> [Records supplied]:
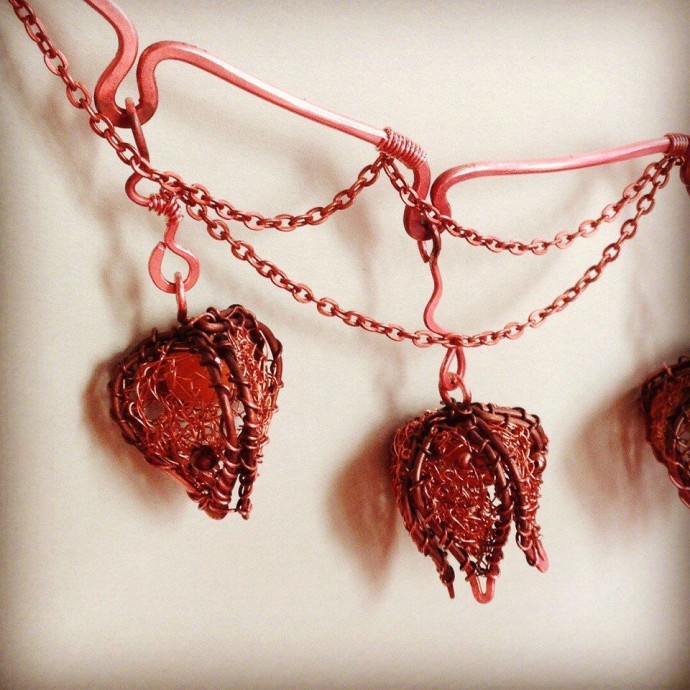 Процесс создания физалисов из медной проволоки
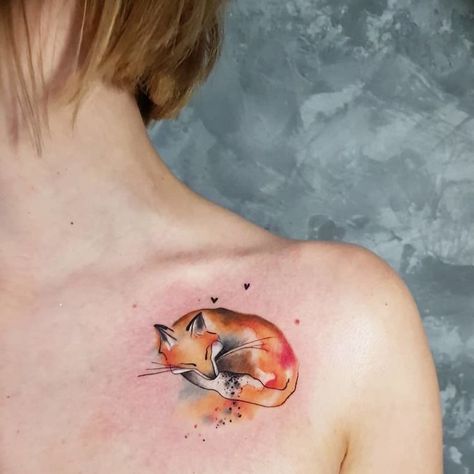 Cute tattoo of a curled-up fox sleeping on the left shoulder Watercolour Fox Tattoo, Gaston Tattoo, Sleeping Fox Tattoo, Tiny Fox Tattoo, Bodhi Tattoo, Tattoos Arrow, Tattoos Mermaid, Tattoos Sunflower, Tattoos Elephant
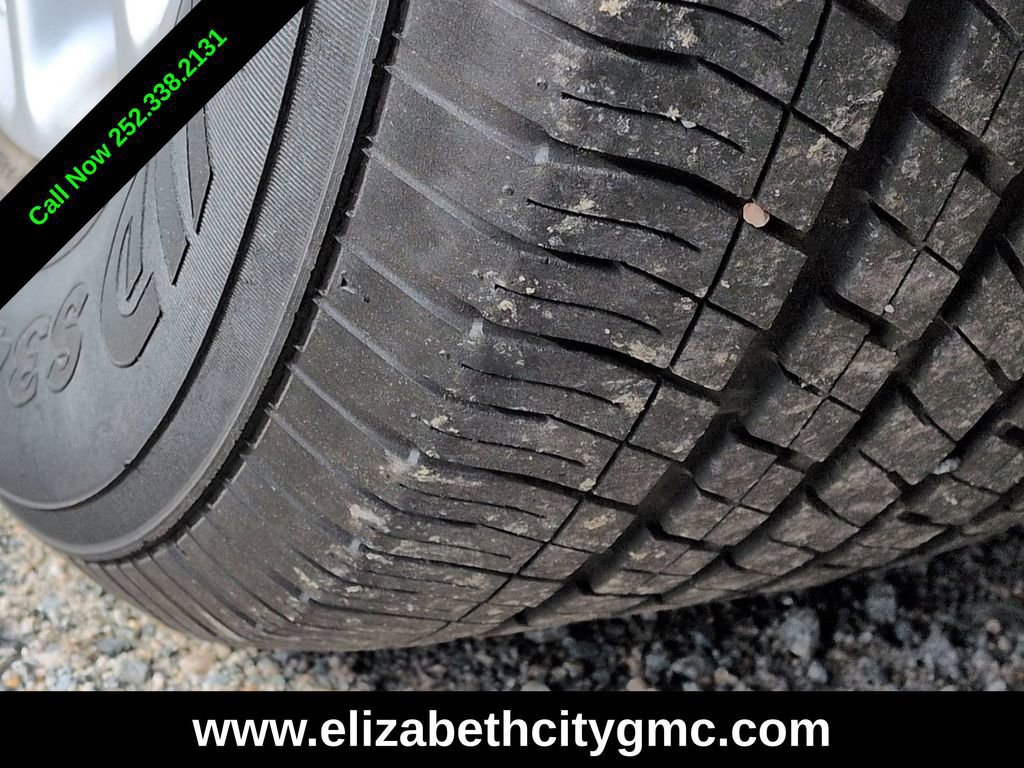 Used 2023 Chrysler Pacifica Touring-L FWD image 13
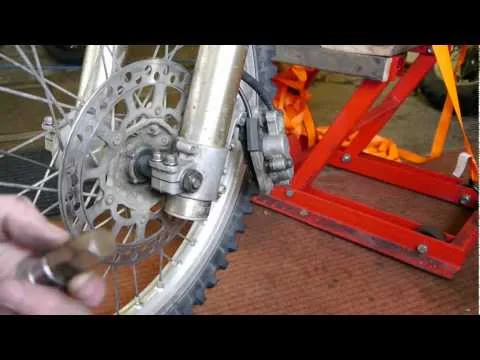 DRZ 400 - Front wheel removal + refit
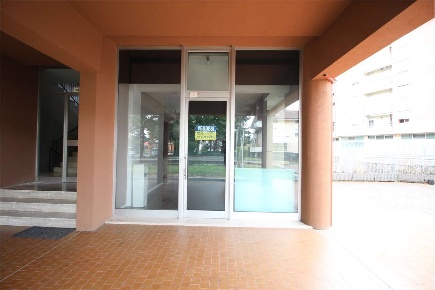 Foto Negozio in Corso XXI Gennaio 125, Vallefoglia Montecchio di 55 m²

* * *

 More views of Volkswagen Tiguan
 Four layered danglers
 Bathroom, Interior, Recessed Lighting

--

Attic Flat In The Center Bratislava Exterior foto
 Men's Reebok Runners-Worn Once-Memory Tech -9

> [About this task]:
Using the listing above, restate exactly the range between the lines holding "Процесс создания физалисов" and "Foto Negozio in", inclusive, with pictures left out.

> [Response area]:
 Процесс создания физалисов из медной проволоки
 Cute tattoo of a curled-up fox sleeping on the left shoulder Watercolour Fox Tattoo, Gaston Tattoo, Sleeping Fox Tattoo, Tiny Fox Tattoo, Bodhi Tattoo, Tattoos Arrow, Tattoos Mermaid, Tattoos Sunflower, Tattoos Elephant
 Used 2023 Chrysler Pacifica Touring-L FWD image 13
 DRZ 400 - Front wheel removal + refit
 Foto Negozio in Corso XXI Gennaio 125, Vallefoglia Montecchio di 55 m²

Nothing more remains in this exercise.